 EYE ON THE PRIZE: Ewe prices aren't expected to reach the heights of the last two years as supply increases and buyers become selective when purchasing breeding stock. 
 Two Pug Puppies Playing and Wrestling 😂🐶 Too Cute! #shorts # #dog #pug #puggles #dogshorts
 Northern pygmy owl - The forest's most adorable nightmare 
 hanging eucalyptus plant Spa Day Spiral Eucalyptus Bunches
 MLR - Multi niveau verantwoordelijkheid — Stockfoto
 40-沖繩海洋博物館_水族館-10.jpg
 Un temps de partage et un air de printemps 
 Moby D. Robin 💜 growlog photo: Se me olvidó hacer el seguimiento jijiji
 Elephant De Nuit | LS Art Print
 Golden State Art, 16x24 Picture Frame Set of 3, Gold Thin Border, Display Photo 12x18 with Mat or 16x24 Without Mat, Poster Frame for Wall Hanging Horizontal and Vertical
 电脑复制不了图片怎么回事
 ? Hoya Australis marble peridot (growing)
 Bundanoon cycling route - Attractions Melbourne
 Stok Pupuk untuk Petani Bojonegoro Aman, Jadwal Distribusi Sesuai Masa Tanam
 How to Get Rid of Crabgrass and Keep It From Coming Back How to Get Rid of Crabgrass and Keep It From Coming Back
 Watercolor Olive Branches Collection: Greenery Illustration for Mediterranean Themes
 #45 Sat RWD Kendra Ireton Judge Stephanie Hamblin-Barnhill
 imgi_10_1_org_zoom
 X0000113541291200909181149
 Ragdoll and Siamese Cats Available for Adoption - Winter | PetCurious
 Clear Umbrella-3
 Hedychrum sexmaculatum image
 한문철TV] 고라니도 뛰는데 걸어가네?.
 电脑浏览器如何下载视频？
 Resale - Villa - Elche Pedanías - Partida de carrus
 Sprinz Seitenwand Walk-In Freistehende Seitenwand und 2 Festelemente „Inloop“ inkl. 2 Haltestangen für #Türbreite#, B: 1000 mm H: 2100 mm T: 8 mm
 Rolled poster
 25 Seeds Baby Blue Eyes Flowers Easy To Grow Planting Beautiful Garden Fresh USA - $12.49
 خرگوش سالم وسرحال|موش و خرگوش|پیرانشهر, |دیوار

*Work instruction:*
Only the lines from the one containing "한문철TV] 고라니도 뛰는데 걸어가네?." through the end of the material should be copied, exactly as they stand; please keep both ends.

*Finished task:*
 한문철TV] 고라니도 뛰는데 걸어가네?.
 电脑浏览器如何下载视频？
 Resale - Villa - Elche Pedanías - Partida de carrus
 Sprinz Seitenwand Walk-In Freistehende Seitenwand und 2 Festelemente „Inloop“ inkl. 2 Haltestangen für #Türbreite#, B: 1000 mm H: 2100 mm T: 8 mm
 Rolled poster
 25 Seeds Baby Blue Eyes Flowers Easy To Grow Planting Beautiful Garden Fresh USA - $12.49
 خرگوش سالم وسرحال|موش و خرگوش|پیرانشهر, |دیوار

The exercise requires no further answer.